EXERCISE BRIEF - Exactly the lines from the one containing "188 Fox Ridge Drive Dillon MT 59725" through the end of the data, and nothing more, should be retyped; pictures stay out.

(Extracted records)
---+---

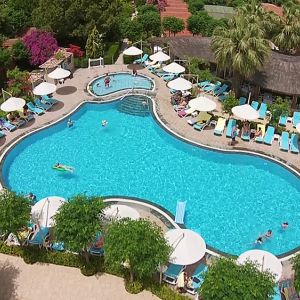 Hotel Can Garden Beach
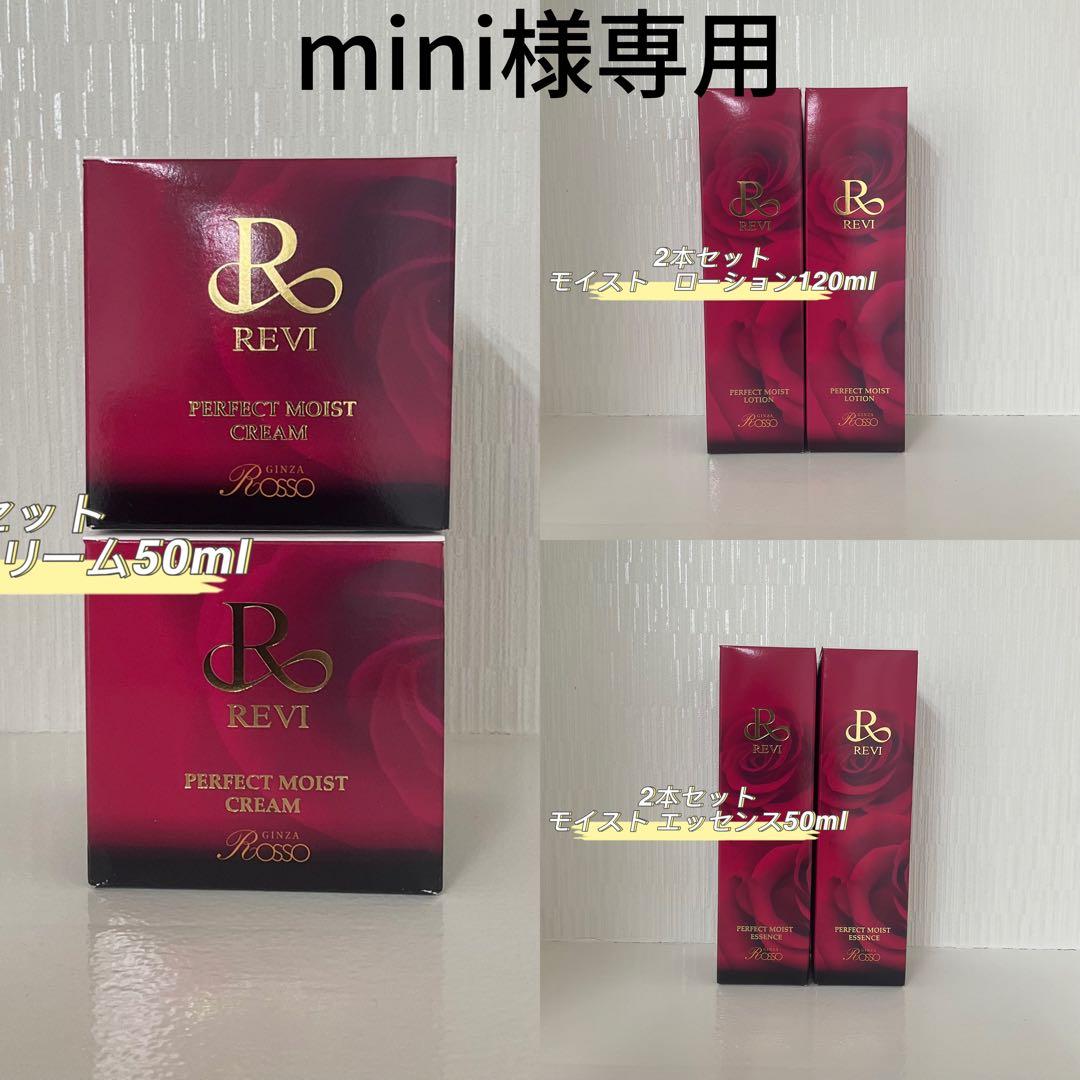<新品> REVI 6点セット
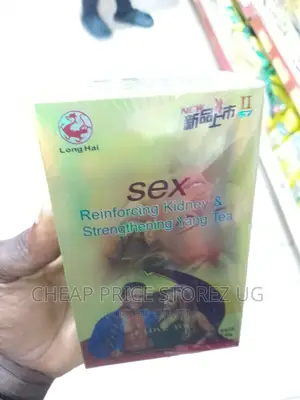 Sex Long Lasting Tea for Man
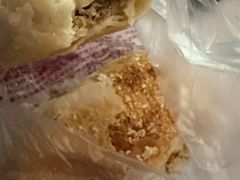 -朱记小郑酥烧饼(建康路店)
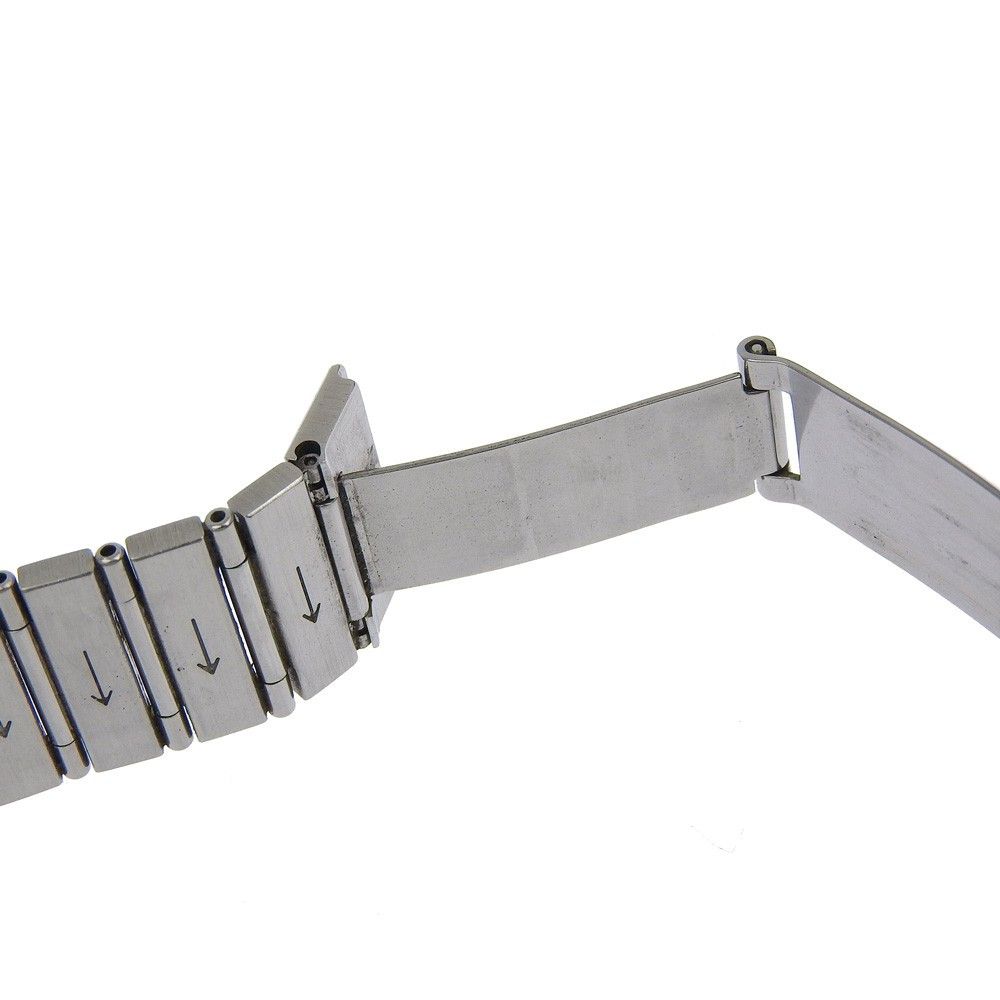 Omega Omega Constellation Day Date Quartz Watch Stainless Steel Size ONE SIZE - 6 Thumbnail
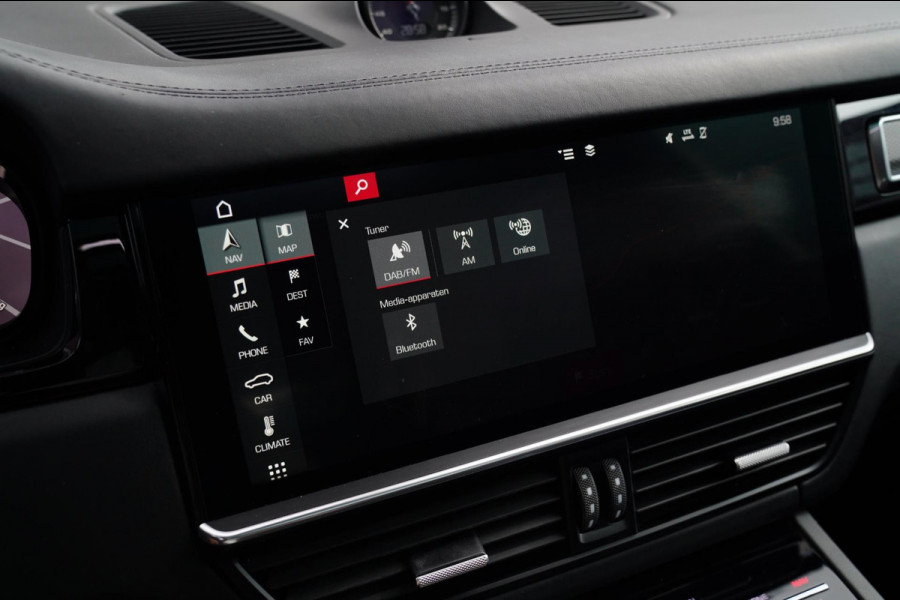 Porsche Cayenne 3.0 S | Panorama | Dealer onderhouden | 360 Camera | Stoelverkoeling | Sport onderstel | Bose Sound System | NAP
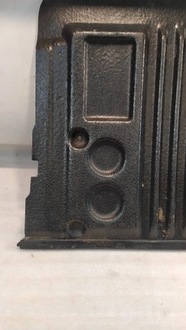 фото thumb №10, Обшивка крышки багажника ford ranger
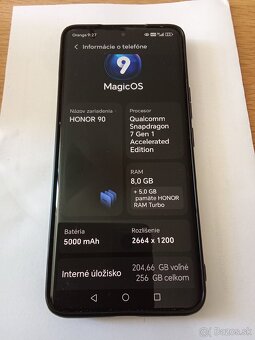 Honor 90 - 2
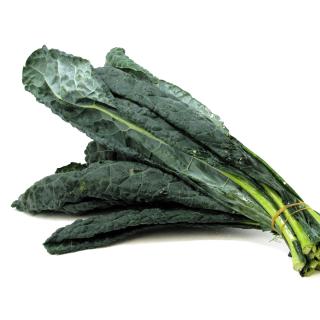 Palmkohl-Bund (Smoothie/Wok), ca. 250g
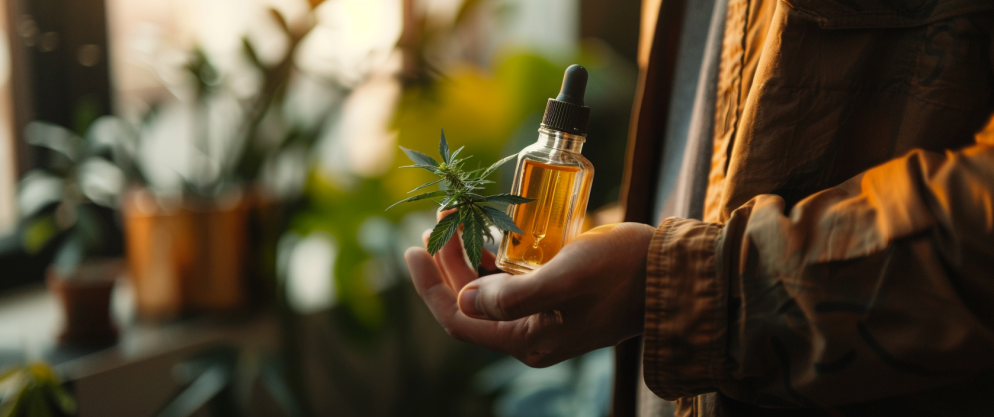 Delta 8 Oils: Are They Really Beneficial? 2 Delta 8 Oils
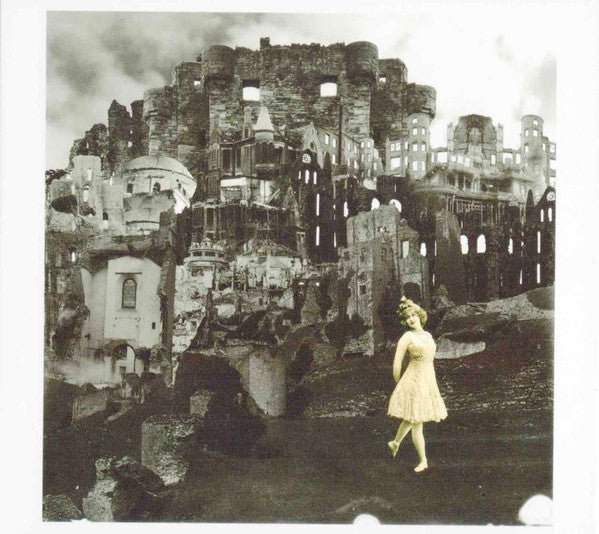 Arvo Zylo : 333 (CD, Album, RE)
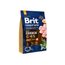 Brit Premium by Nature Adult M 3 kg
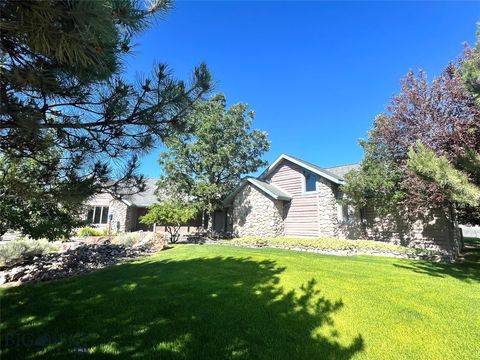 188 Fox Ridge Drive Dillon MT 59725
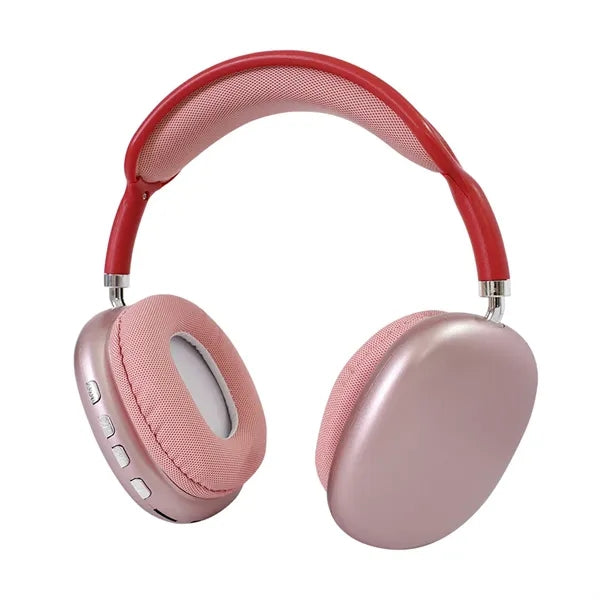 Wireless Headphones Over-Ear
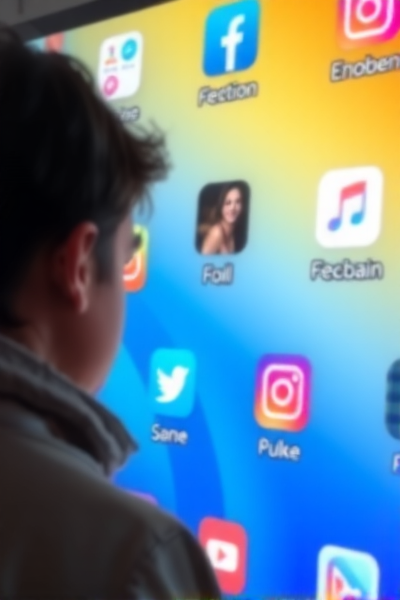 Instagram的AI验证技术将如何改变青少年安全?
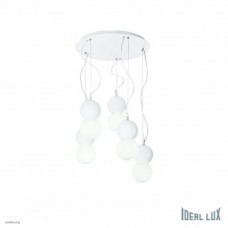 Светильник Ideallux TWO SG5 112152 Светильник Ideallux TWO SG5 112152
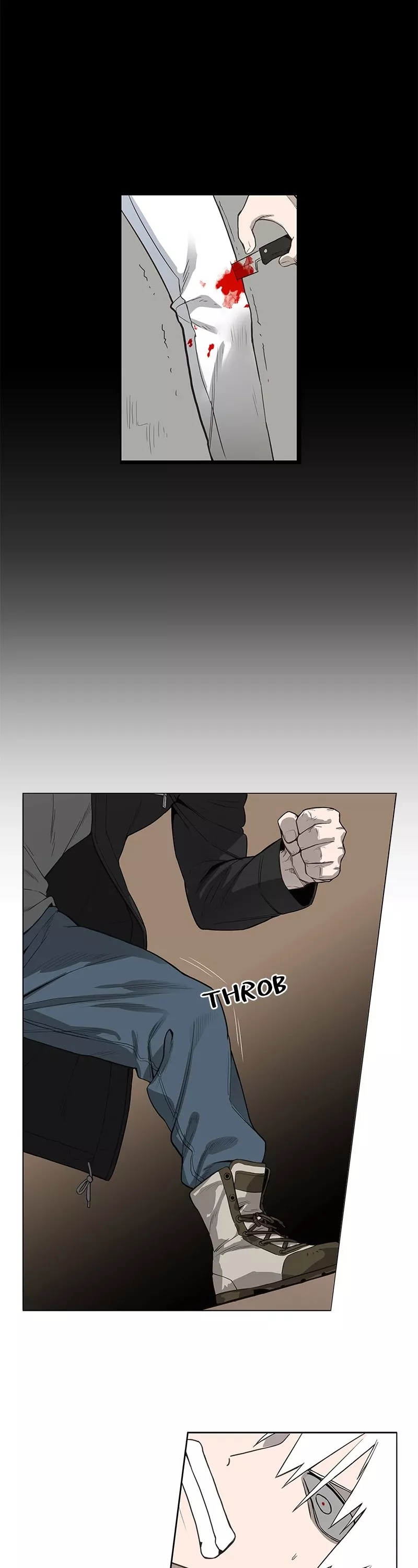 The Boxer, chapter 124, image 25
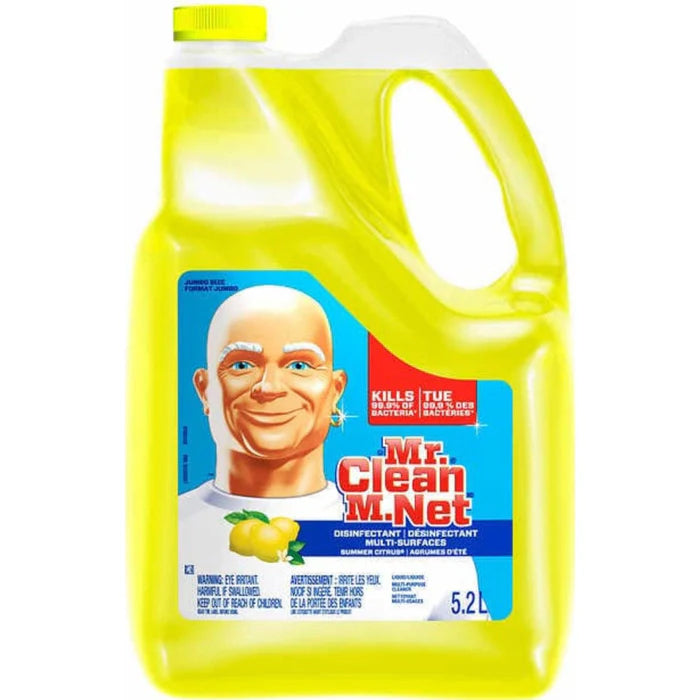 Mr. Clean - All Purpose Cleaner - Eagle Global Solution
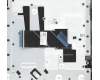 Lenovo 5CB0T24804 Tastatur inkl. Topcase ASM C 81MK US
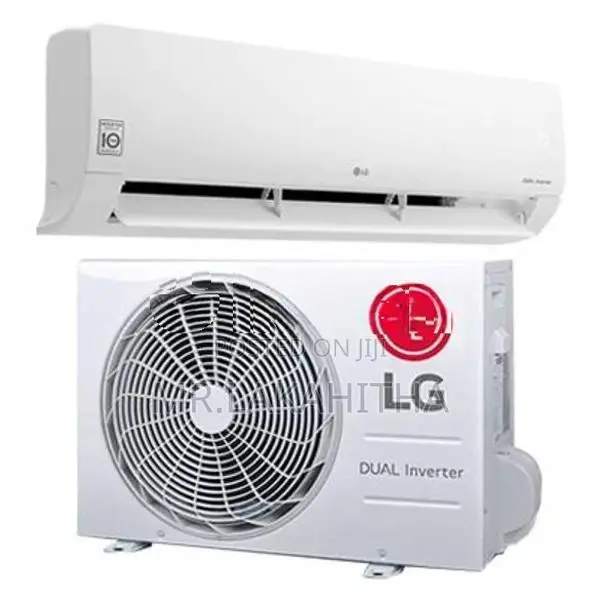 18000BTU LG R32 INVERTER A/C AI 6 IN 1 & WiFi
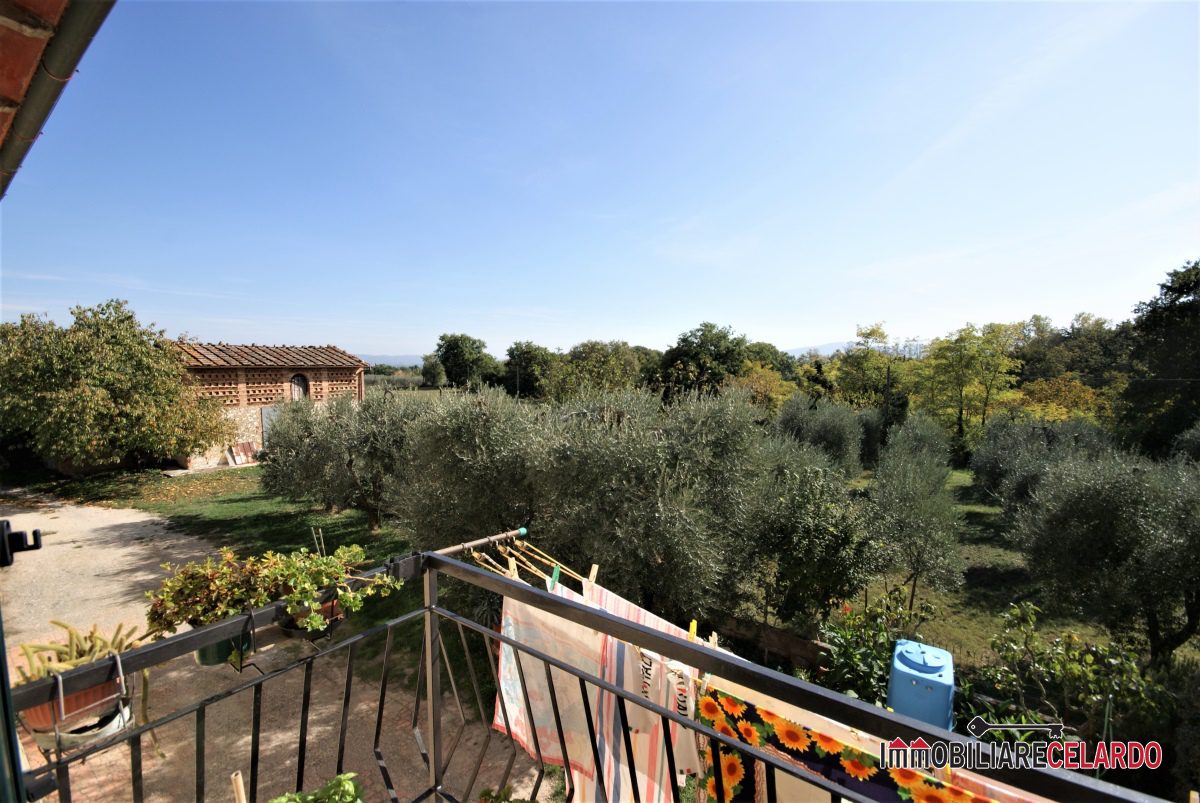 Villa in Vendita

---+---

WRITTEN REPLY -
 188 Fox Ridge Drive Dillon MT 59725
 Wireless Headphones Over-Ear
 Instagram的AI验证技术将如何改变青少年安全?
 Светильник Ideallux TWO SG5 112152 Светильник Ideallux TWO SG5 112152
 The Boxer, chapter 124, image 25
 Mr. Clean - All Purpose Cleaner - Eagle Global Solution
 Lenovo 5CB0T24804 Tastatur inkl. Topcase ASM C 81MK US
 18000BTU LG R32 INVERTER A/C AI 6 IN 1 & WiFi
 Villa in Vendita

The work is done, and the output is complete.